Thus, the plurality of baffle plates are arranged on the flowing passage of the raw material gas between the raw material gas inlet and the raw material gas supply nozzle. Accordingly, the raw material gas including a particle collides on the plurality of baffle plates, which are arranged on the flowing passage of the raw material gas between the raw material gas inlet and the raw material gas supply nozzle. The flowing direction of the raw material gas is changed many times so that the gas flows in a flowing passage length, which is longer than a case where the baffle plate is not arranged and a case where one baffle plate is arranged in one stage manner. Accordingly, a time interval, in which the raw material gas is exposed in high temperature circumstance in the heated heating chamber 9, is lengthened. Accordingly, the particle is decomposed, and the particle does not reach a surface of the seed crystal and a growing surface of the SiC single crystal. Thus, the device manufactures the SiC single crystal with high quality.

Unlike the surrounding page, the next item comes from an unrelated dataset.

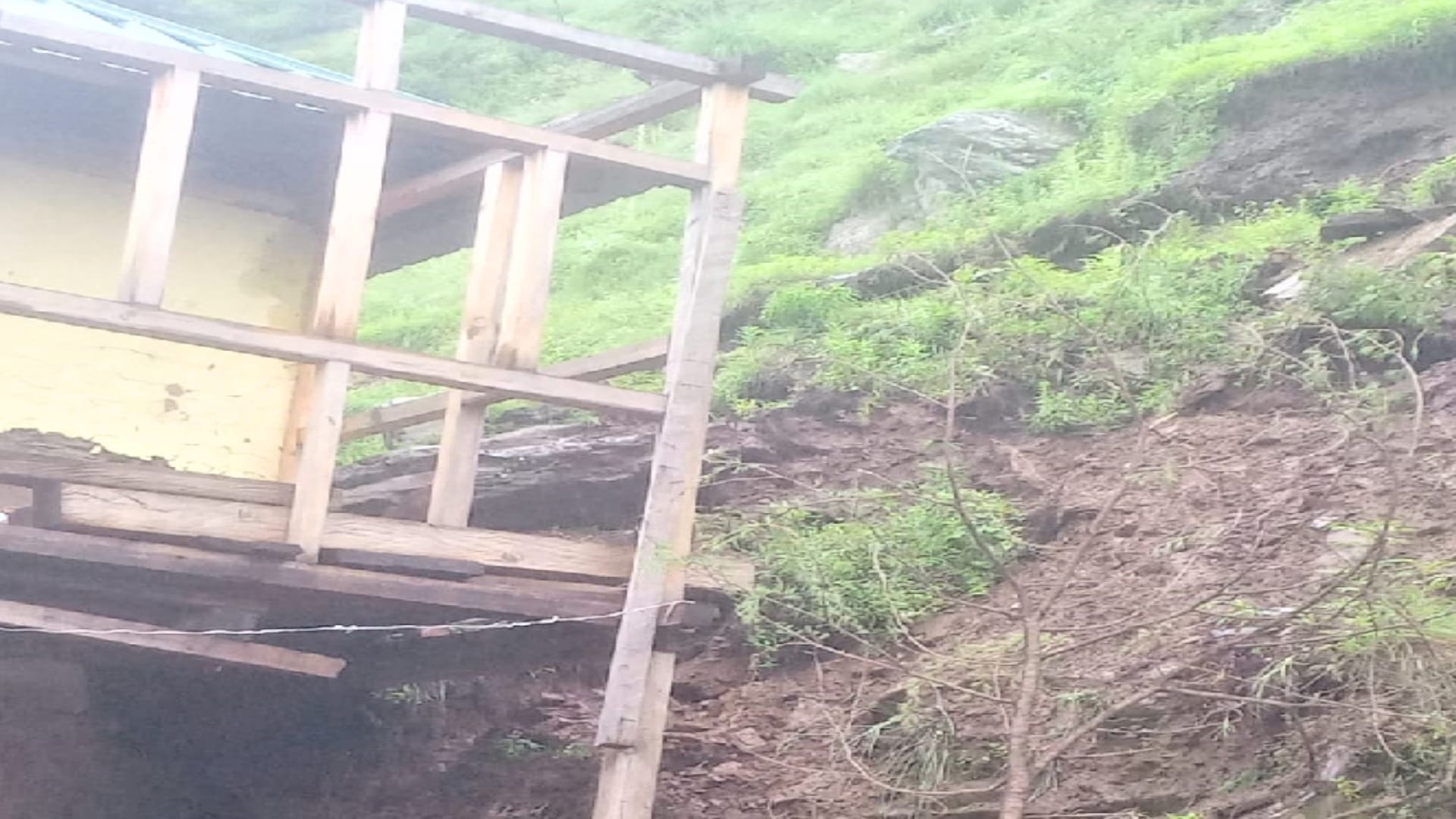 Cloud burst in Himachal's Chaupal and Nirmand, three people died in the state, heavy rain alert on July 28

Alternatively, the heating chamber has an average flowing passage length of the raw material gas, which is defined as f. The average flowing passage length is an average length of the flowing passage of the raw material gas in the heating chamber. The average flowing passage length and a direct distance between the raw material gas inlet and the raw material gas supply nozzle defined as H has a relationship of f>1.2H.
Alternatively, the plurality of baffle plates intersect with a center axis of the hollow cylindrical member and are arranged in a multiple stage manner along with the center axis as an arrangement direction. The plurality of baffle plates includes an utmost under baffle plate disposed nearest the raw material gas inlet. The utmost under baffle plate covers the raw material gas inlet seeing from an upper side of the heating chamber. In the above case, the raw material gas introduced from the raw material gas inlet surely collides on the utmost under baffle plate.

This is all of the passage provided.